Many individuals who suffer from an eating disorder, such as anorexia nervosa, seem to suffer a lifetime sentence with the illness. They remain severely underweight and are at risk of dying from malnutrition.
Although no treatment has been found, a new study by scientists at the University of California, San Diego (UCSD) School of Medicine and the Scripps Translational Science Institute (STSI) in La Jolla, CA, reveals that genetic variations may be a factor in whether or not the disorder becomes a chronic issue.
It has been theorized that individuals may be genetically predetermined to carry personality traits and temperaments that make them more prone to eating disorders. The new study could help pave the way toward more individualized therapy for these patients.
“This study sheds light on important ‘SNPs’ or genetic variations within an individual’s DNA, associated with long-term, chronic eating disorders,” said Dr. Walter H. Kaye, professor of psychiatry and director of UCSD’s Eating Disorder Treatment and Research Program, who was senior author with Nicholas J. Schork, director of bioinformatics and biostatistics at STSI and professor at The Scripps Research Institute.
“These variations suggest genetic predictors for patients who may be particularly susceptible to eating disorders and whose illnesses are most difficult to treat effectively,” said Kaye.
Kaye noted that these genetic traits are also linked to individuals with higher anxiety and more concern over making mistakes — characteristics associated with bulimia and anorexia.
“Anorexia and bulimia likely stem from many different causes, such as culture, family, life changes and personality traits,” said Cinnamon Bloss, an assistant professor at STSI,
“But we know biology and genetics are highly relevant in terms of cause and can also play a role in how people respond to treatment.
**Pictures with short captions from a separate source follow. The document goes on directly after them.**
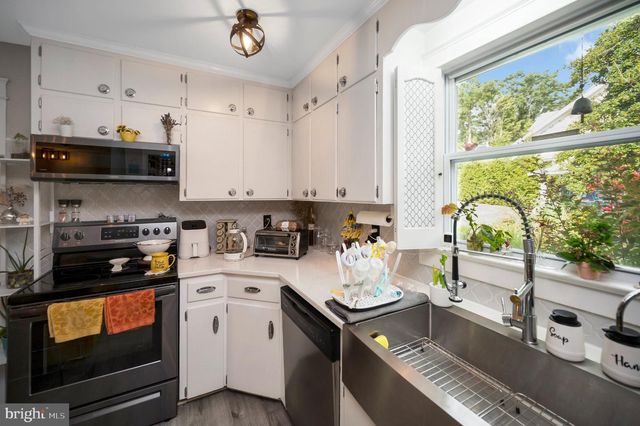 1001 CLEARVIEW AVE, Fredericksburg, VA 22405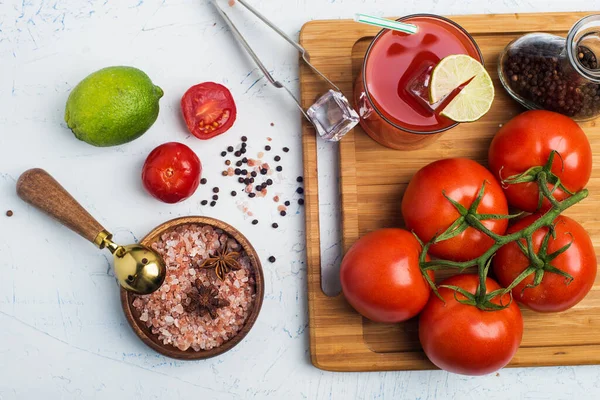 Suco Tomate Refrescante Com Gelo Pimenta Tomate Limão Mesa Topo — Fotografia de Stock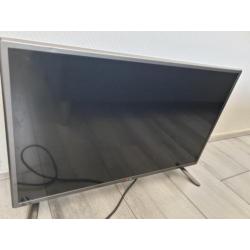 Vrijwel ongebruikte LG HD LED 32 Inch TV DVB S2 DVB C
Understanding the genetics behind these conditions is important, because it could eventually help us tailor treatment based on the person’s genetic makeup, with the goal of more personalized and effective treatments.”
A total of 1,878 women were analyzed in the large-scale candidate gene association study, which was designed on hypotheses regarding the genes, pathways and biological systems linked to eating disorder susceptibility. Most of the women had a lifetime diagnosis of either anorexia or both anorexia and bulimia, and also had a lower body mass index, higher anxiety and higher worry over making mistakes than control subjects.
The team was able to pinpoint the top 25 most statistically significant SNPs (single-nucleotide polymorphisms), after evaluating a total of 5,151 SNPs in approximately 350 genes. According to Bloss, 10 of the 25 most strongly associated haplotypes involved SNPs in GABA genes.
The strongest link to chronic symptoms involved an intronic SNP on chromosome 4 of the gene GABRGI. “The study suggests genes that may pre-dispose individuals to a chronic course of an eating disorder,” Bloss said, adding that further studies are needed to confirm these associations.
“Individuals with anorexia in particular are often resistant to treatment and lack awareness of the medical consequences of their behavior, which can result in chronic, protracted illness and even death,” said Kaye.
“The question for us became, ‘Are there prognostic factors that might help clinicians identify good versus poor outcomes for treatments including medication or psychotherapies?'”
The findings are reported online in the journal Neuropsychopharmcology.